In brief, “Checkpointing” is a process that takes an FsImage,
edit log and compacts them into a new FsImage. Thus, instead of replaying an
edit log, the NameNode can load the final in-memory state directly from the
FsImage. This is a far more efficient operation and reduces NameNode startup
time. Checkpointing is performed by Secondary NameNode.
14. How
is HDFS fault tolerant?
When data is stored over HDFS, NameNode replicates the data to
several DataNode. The default replication factor is 3. You can change the
configuration factor as per your need. If a DataNode goes down, the NameNode
will automatically copy the data to another node from the replicas and make the
data available. This provides fault tolerance in HDFS.
15. Can
NameNode and DataNode be a commodity hardware?

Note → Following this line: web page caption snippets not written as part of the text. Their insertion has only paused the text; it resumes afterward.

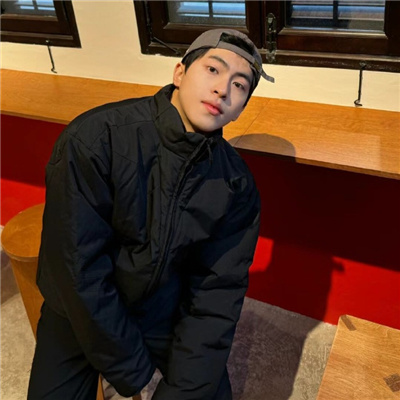 男头气质很成熟高清魅力 魅力男生一定要用的男头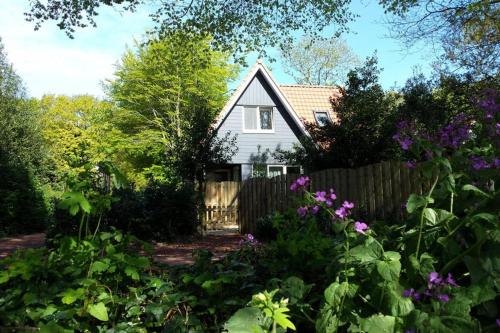 Vakantiehuisje Gaasterland Oudemirdum Friesland Nederland — 4-Star Luxury Hotel in Oudemirdum, Netherlands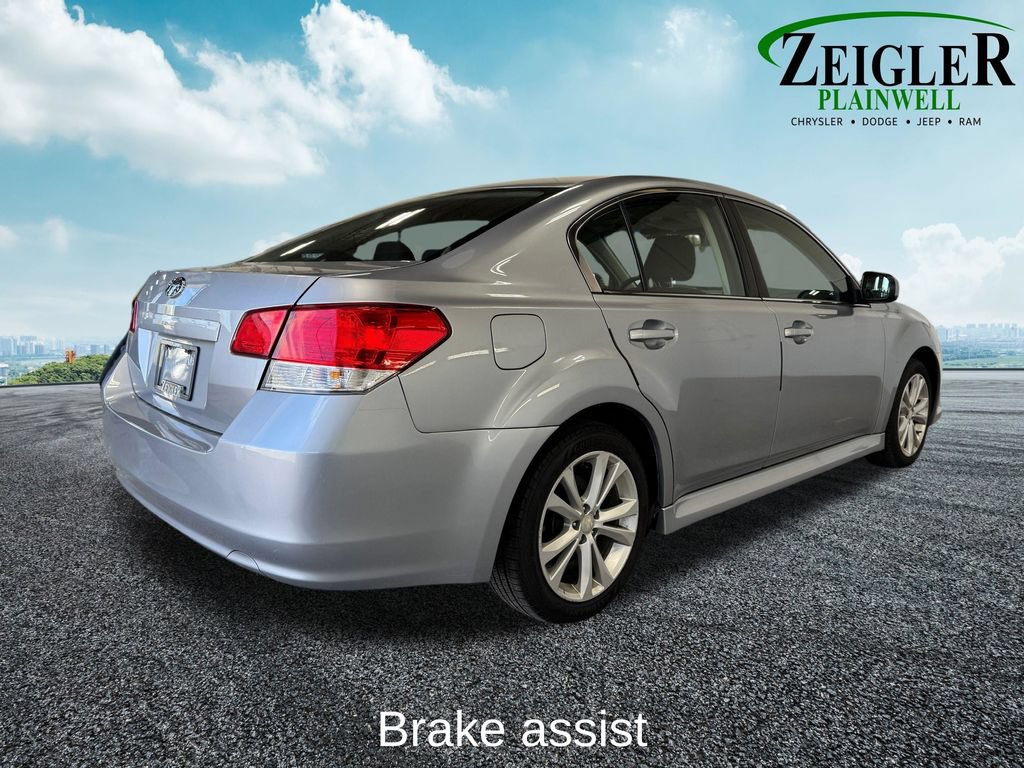 Used 2013 Subaru Legacy 2.5i Premium AWD/4WD image 6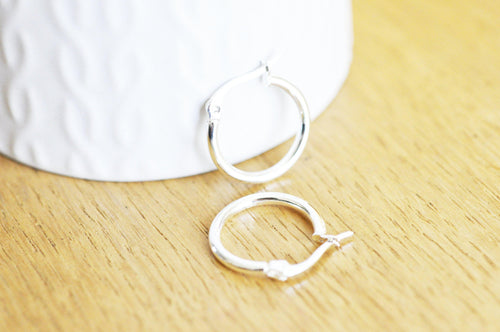 Silver metal buckle and hoop holders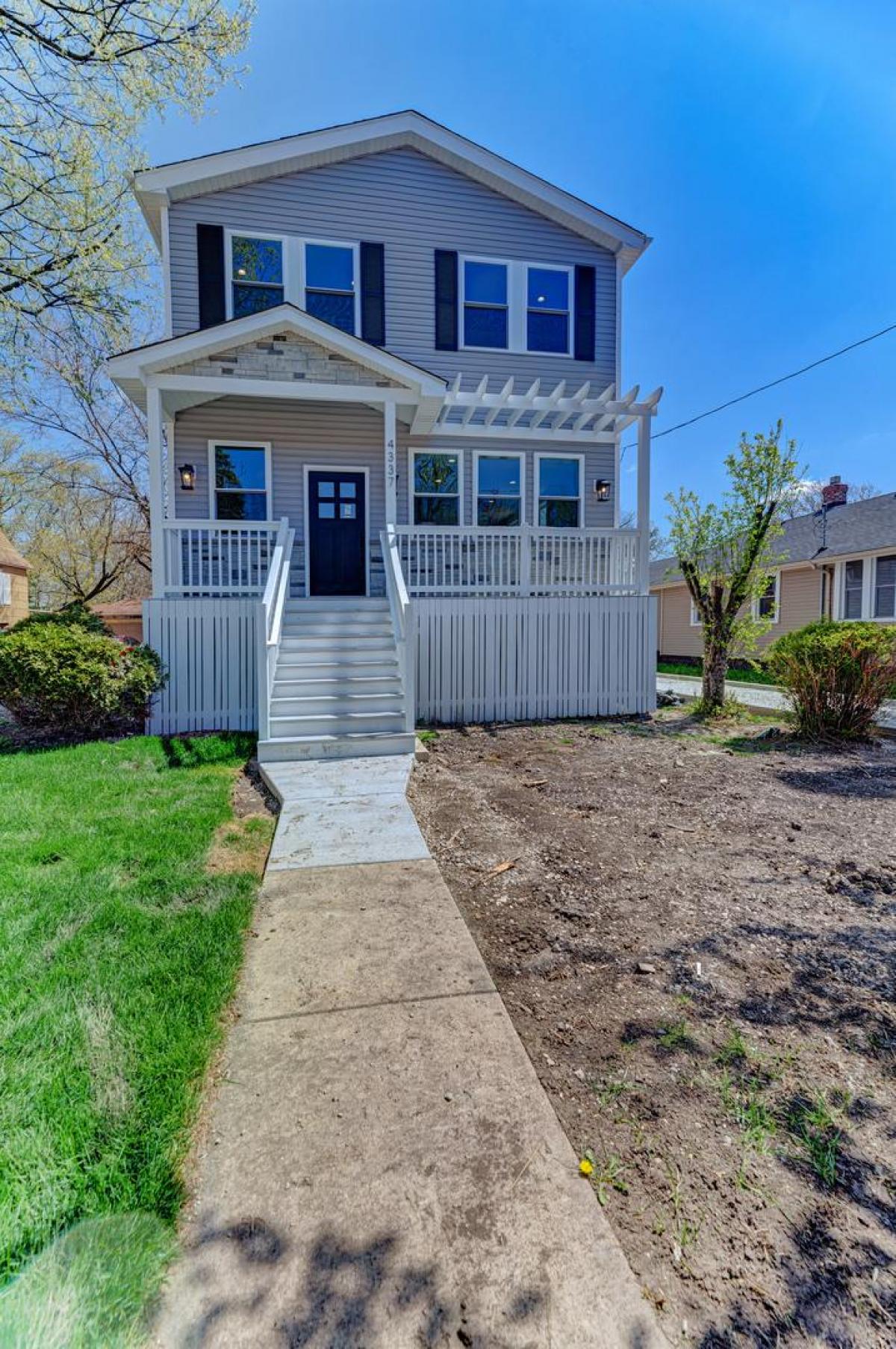 Picture of Home For Sale in Downers Grove, Illinois, United States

The smart answer to this question would be, DataNodes are
commodity hardware like personal computers and laptops as it stores data and
are required in a large number. But from your experience you can tell that,
NameNode is the master node and it stores metadata about all the blocks stored
in HDFS. It requires high memory (RAM) space, so NameNode needs to be a
high-end machine with good memory space.
16. Why
do we use HDFS for applications having large data sets and not when there are a
lot of small files?
HDFS is more suitable for large amounts of data sets in a single
file as compared to small amount of data spread across multiple files. As you
know, the NameNode stores the metadata information regarding file system in the
RAM. Therefore, the amount of memory produces a limit to the number of files in
my HDFS file system. In other words, too much of files will lead to generation
of too much meta data. And, storing these meta data in the RAM will become a
challenge. As a thumb rule, metadata for a file, block or directory takes 150
bytes.
17. How
do you define “block” in HDFS? What is the default block size in Hadoop 1 and
in Hadoop 2? Can it be changed?
Blocks are the nothing but the smallest continuous location
on your hard drive where data is stored. HDFS stores each as blocks, and
distribute it across the Hadoop cluster. Files in HDFS are broken down into
block-sized chunks, which are stored as independent units.

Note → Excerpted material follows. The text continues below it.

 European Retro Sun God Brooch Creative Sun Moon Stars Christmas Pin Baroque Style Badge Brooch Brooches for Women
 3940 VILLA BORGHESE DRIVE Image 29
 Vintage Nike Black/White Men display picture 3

Hadoop 1 default block size: 64 MB
Hadoop 2 default block size: 128 MB
Yes, blocks can be configured. The dfs.block.size parameter can
be used in the hdfs-site.xml file to set the size of a block in a Hadoop
environment.
18.
What does ‘jps’ command do?
The ‘jps’ command helps us to check if the Hadoop daemons are
running or not. It shows all the Hadoop daemons i.e namenode, datanode,
resourcemanager, nodemanager etc. that are running on the machine.
19. How
do you define “Rack Awareness” in Hadoop?
Rack Awareness is the algorithm in
which the “NameNode” decides how blocks and their replicas are placed, based on
rack definitions to minimize network traffic between “DataNodes” within the
same rack. Let’s say we consider replication factor 3 (default), the policy is
that “for every block of data, two copies will exist in one rack, third copy in
a different rack”. This rule is known as the “Replica Placement Policy”.
20.
What is “speculative execution” in Hadoop?
If a node appears to be executing a task slower, the master node
can redundantly execute another instance of the same task on another node.
Then, the task which finishes first will be accepted and the other one is
killed. This process is called “speculative execution”.
21. How
can I restart “NameNode” or all the daemons in Hadoop?
This question can have two answers, we will discuss both the answers.
We can restart NameNode by following methods:
1. You can
stop the NameNode individually using. /sbin
/hadoop-daemon.sh stop namenode command and then start the
NameNode using. /sbin/hadoop-daemon.sh start
namenode command.
2. To stop
and start all the daemons, use. /sbin/stop-all.sh and
then use ./sbin/start-all.sh command which will stop
all the daemons first and then start all the daemons.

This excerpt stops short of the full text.